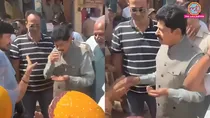 Jaipur Glass of Dirty Sewage Water Handed to BJP MLA Video viral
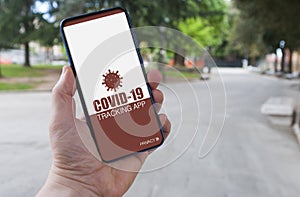 Man using a covid-19 tracking app to prevent contagion from coronavirus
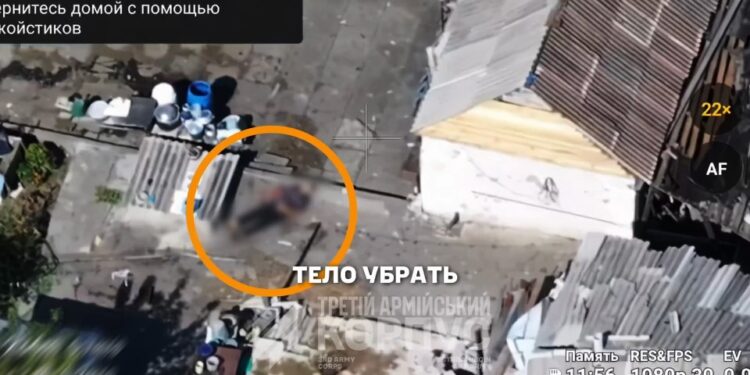 Las imágenes aéreas muestran un cuerpo humano borrosa que se encuentra en el suelo al lado de un pequeño edificio, con un círculo naranja que lo resalta, y textan en la superposición rusa de la imagen.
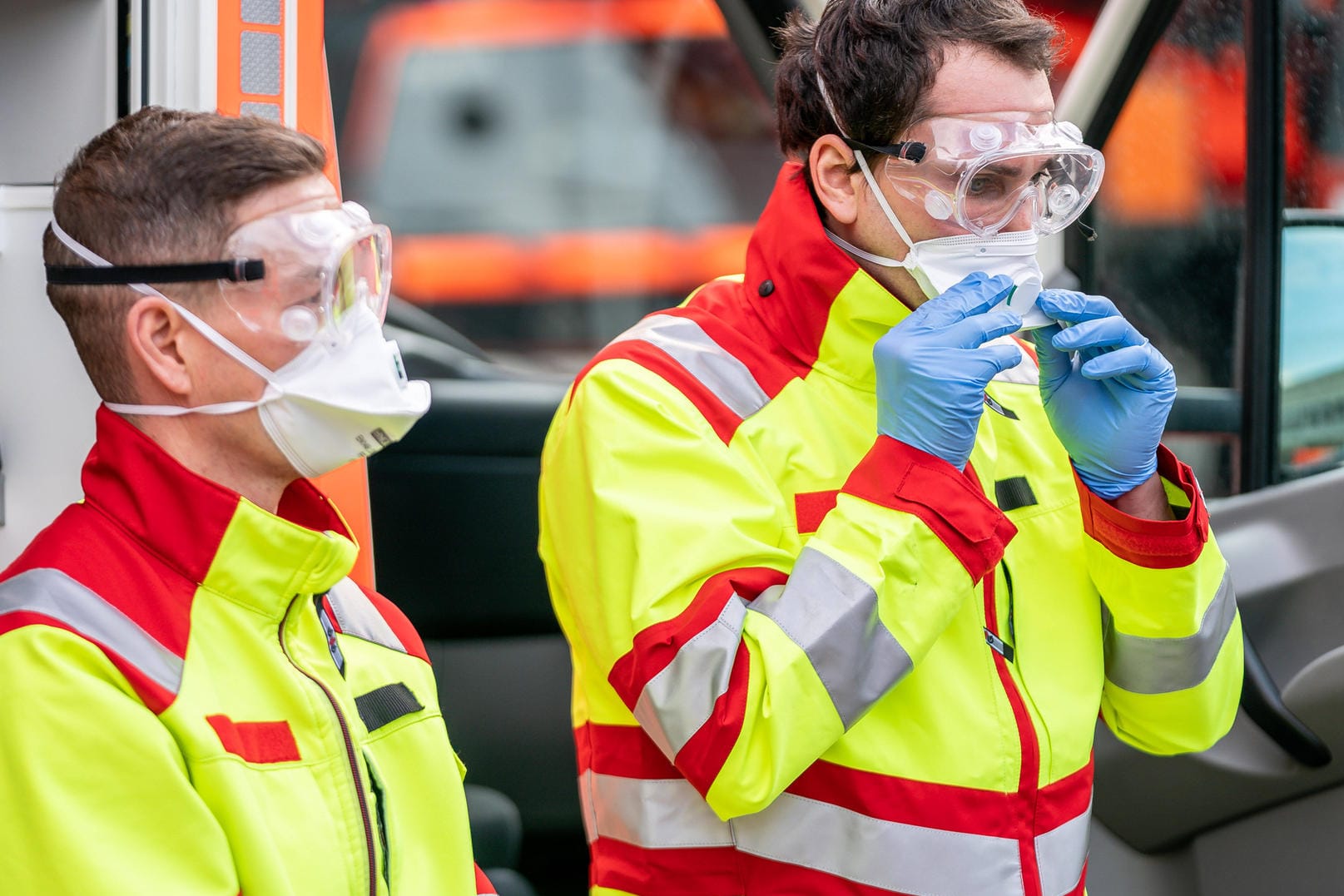 Mitarbeiter der Kölner Feuerwehr zeigen ihre Schutzausrüstung (Archivbild): Auch Notfallsanitäter, Rettungssanitäter und Rettungsassistenten haben mit den Auswirkungen des Coronavirus zu kämpfen.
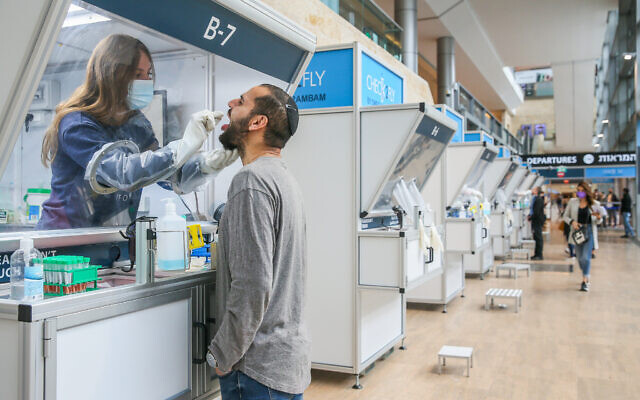 A technician collects nasal swab samples for COVID-19 at the coronavirus lab, at Ben-Gurion International Airport on December 14, 2020. (Yossi Aloni/Flash90)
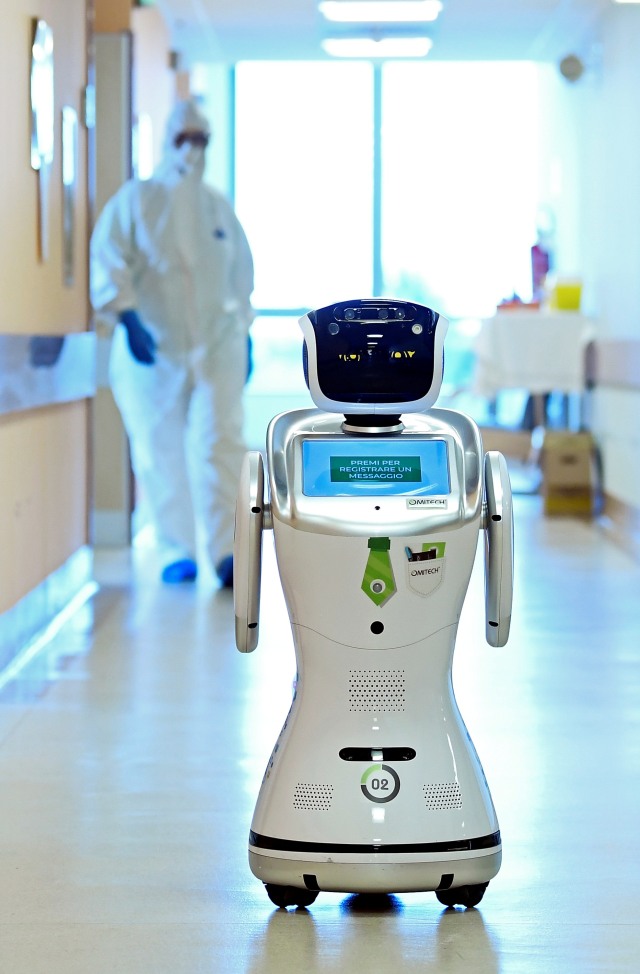 Sebuah robot yang membantu tim medis merawat pasien virus corona di rumah sakit Circolo, Varase, Italia.
Foto: REUTERS / Flavio Lo Scalzo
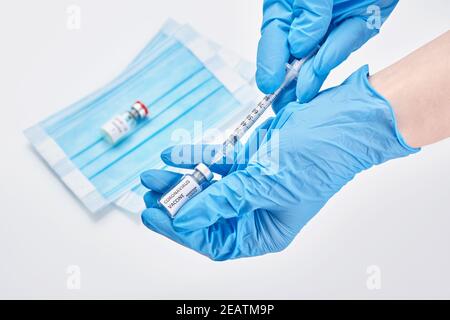 Arzt, Krankenschwester, Wissenschaftler, Forscher Hand in blauen Handschuhen mit Coronavirus, covid-19-Impfstoff-Krankheit Vorbereitung für menschliche klinische Studien Impfung Stockfoto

********

*What the exercise asks:* Begin with the line containing "Foto: REUTERS / Flavio Lo Scalzo" and end with the last line of the entries above. Copy those lines exactly, both ends included, and drop every picture.

*Completed exercise:*
Foto: REUTERS / Flavio Lo Scalzo
 Arzt, Krankenschwester, Wissenschaftler, Forscher Hand in blauen Handschuhen mit Coronavirus, covid-19-Impfstoff-Krankheit Vorbereitung für menschliche klinische Studien Impfung Stockfoto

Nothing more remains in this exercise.